WHAT THE TASK REQUIRES — Return all the data below as it stands, minus the pictures.

--- SUPPLIED RECORDS Enclosed Below ---

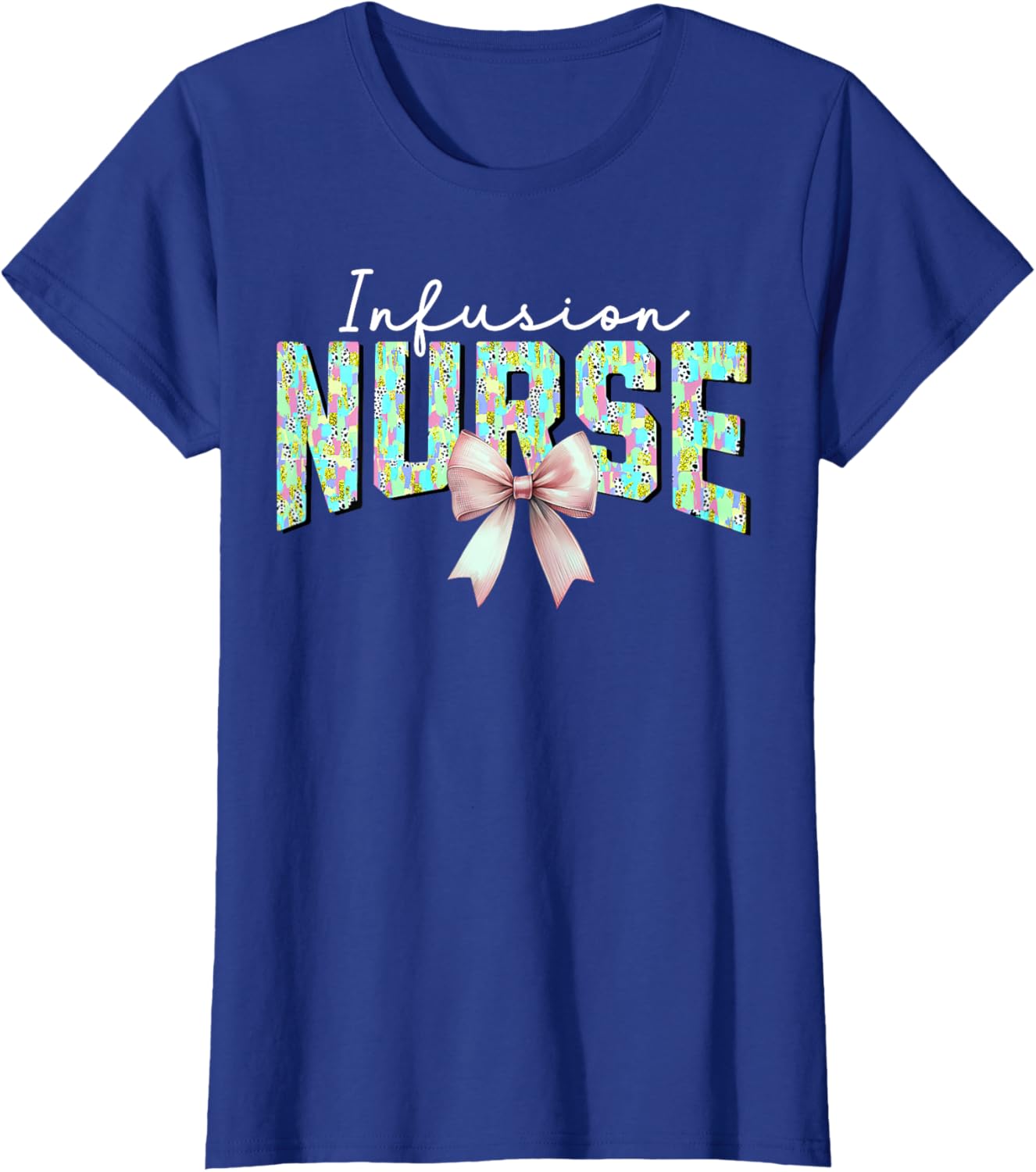 Coquette Bow Easter Infusion Nurse IV Therapy Oncology Nurse T-Shirt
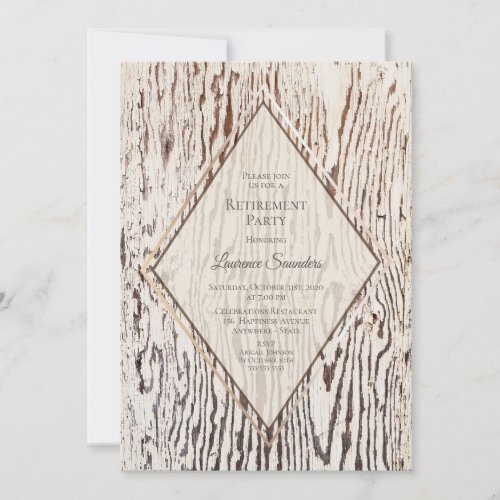 Rustic Wood Grain Retirement Invitation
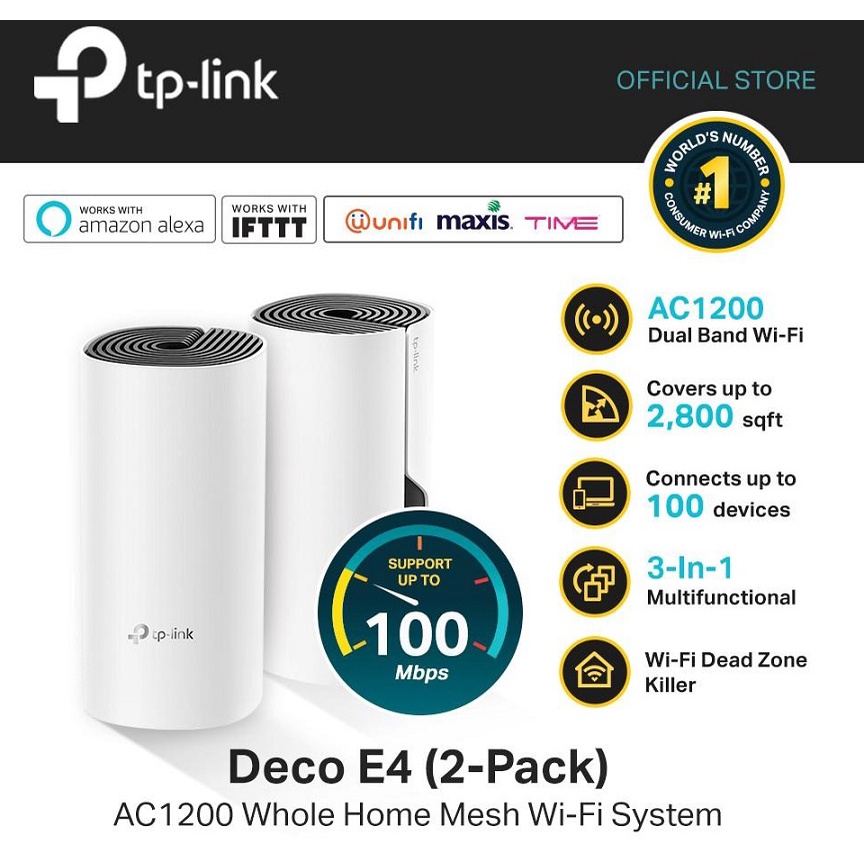 Hệ Thống Wifi Mesh TP-Link Deco E4 (2-pack) Dành Cho Gia đình Chuẩn AC 1200Mbps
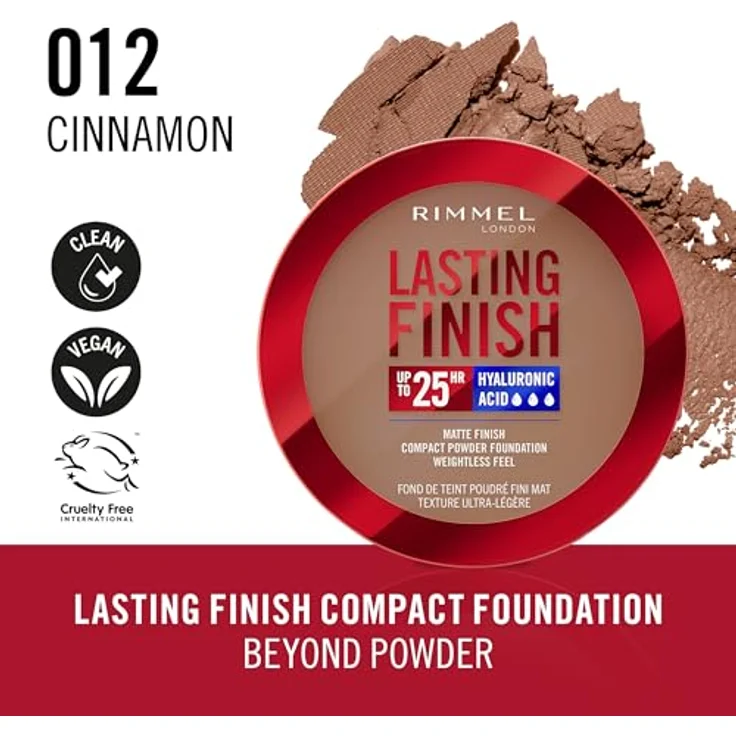 Rimmel London Lasting Finish 12 Cinnamon Compact Foundation, Soft-Focus, mattes Finish, vollständige Abdeckung, SPF20, vegane Formel, 7 g – Bild 2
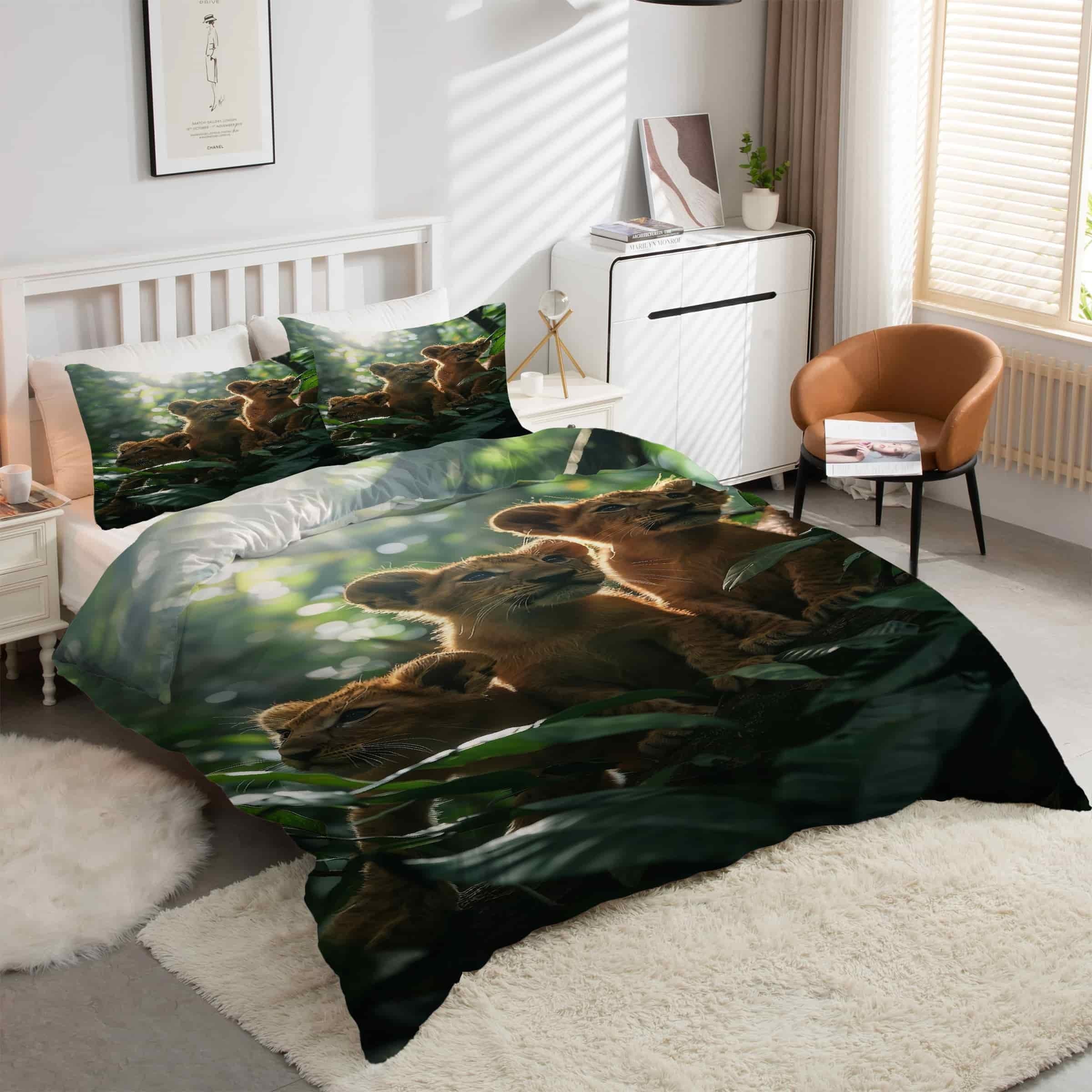 Housse de Couette 240 x 260 Lion : Finie la Couette qui Glisse Grâce au Zip Intégré
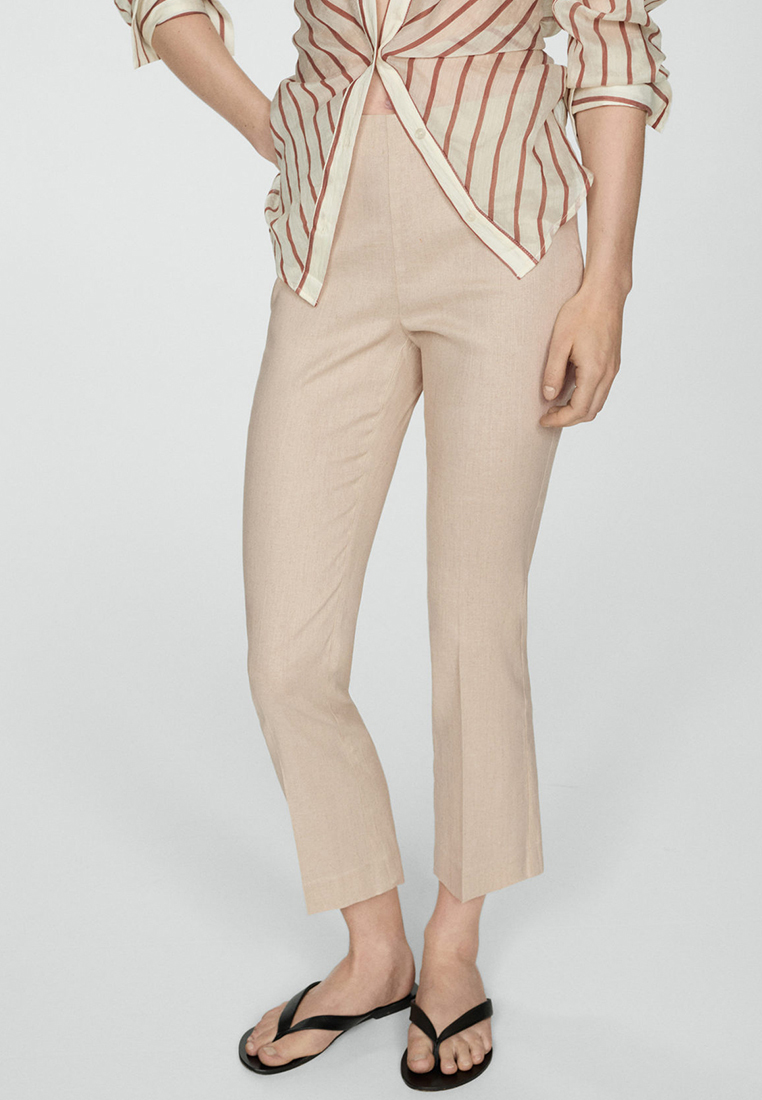 Mango Linen Flare Trousers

--- End of Enclosed SUPPLIED RECORDS ---

RESULT OF THIS EXERCISE —
 Coquette Bow Easter Infusion Nurse IV Therapy Oncology Nurse T-Shirt
 Rustic Wood Grain Retirement Invitation
 Hệ Thống Wifi Mesh TP-Link Deco E4 (2-pack) Dành Cho Gia đình Chuẩn AC 1200Mbps
 Rimmel London Lasting Finish 12 Cinnamon Compact Foundation, Soft-Focus, mattes Finish, vollständige Abdeckung, SPF20, vegane Formel, 7 g – Bild 2
 Housse de Couette 240 x 260 Lion : Finie la Couette qui Glisse Grâce au Zip Intégré
 Mango Linen Flare Trousers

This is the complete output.